Cong Shan, Zhang Meng, Song Yu, Chang Sihao, Tian Jing, Zeng Hongji, Ji Hongchao
College of Intelligent Systems Science and Engineering, Harbin Engineering University, Harbin 150001, P.R. China.
Qingdao Innovation and Development Center, Harbin Engineering University, Qingdao 266000, P.R. China.
Patterns (N Y). 2025 Apr 30;6(8):101259. doi: 10.1016/j.patter.2025.101259. eCollection 2025 Aug 8.
Natural products (NPs) play a vital role in drug discovery, with many FDA-approved drugs derived from these compounds. Despite their significance, the biosynthetic pathways of NPs remain poorly characterized due to their inherent complexity and the limitations of traditional retrosynthesis methods in predicting such intricate reactions. While template-free machine learning models have demonstrated promise in organic synthesis, their application to biosynthetic pathways is still in its infancy. Addressing this gap, we propose the graph-sequence enhanced transformer (GSETransformer), which leverages both graph structural information and sequential dependencies to achieve superior performance in addressing the complexity of biosynthetic data. When evaluated on benchmark datasets, GSETransformer achieves state-of-the-art performance in single- and multi-step retrosynthesis tasks. These results highlight its effectiveness in computational biosynthesis and its potential to facilitate the design of NP-based therapeutics.

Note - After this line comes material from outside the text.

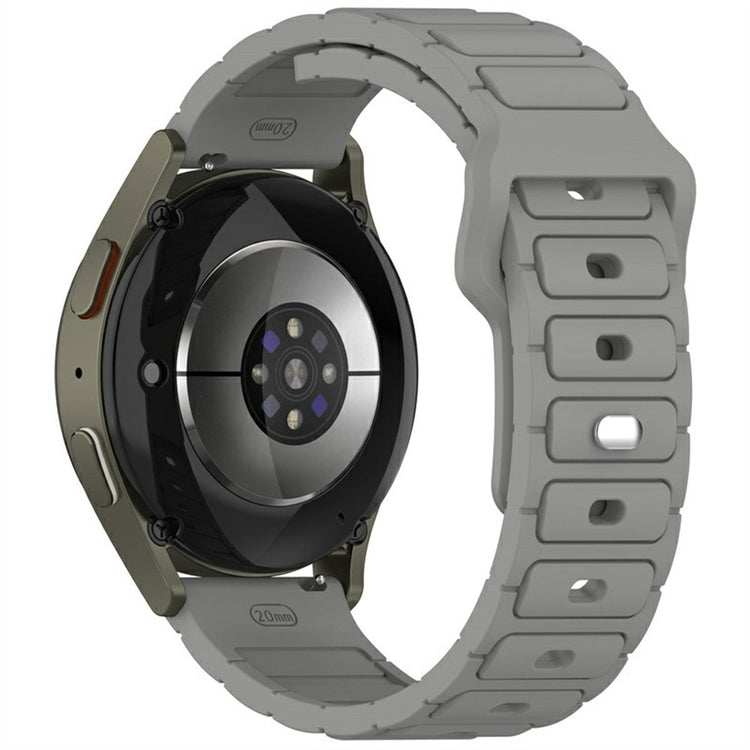 KALEBOL 20mm Silicone Watch Strap Samsung Galaxy Watch6 Classic 47mm / 43mm / Huawei Watch GT 3 Pro 43mm I-Shaped Watch Band - Grey#serie_7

天然产物(NPs)在药物发现中起着至关重要的作用,许多获得美国食品药品监督管理局(FDA)批准的药物都源自这些化合物。尽管它们很重要,但由于其固有的复杂性以及传统逆合成方法在预测此类复杂反应方面的局限性,NPs的生物合成途径仍然特征不明。虽然无模板机器学习模型在有机合成中已显示出前景,但其在生物合成途径中的应用仍处于起步阶段。为了填补这一空白,我们提出了图序列增强变换器(GSETransformer),它利用图结构信息和序列依赖性,在处理生物合成数据的复杂性方面实现卓越性能。在基准数据集上进行评估时,GSETransformer在单步和多步逆合成任务中均实现了领先的性能。这些结果突出了其在计算生物合成中的有效性及其促进基于NP的治疗药物设计的潜力。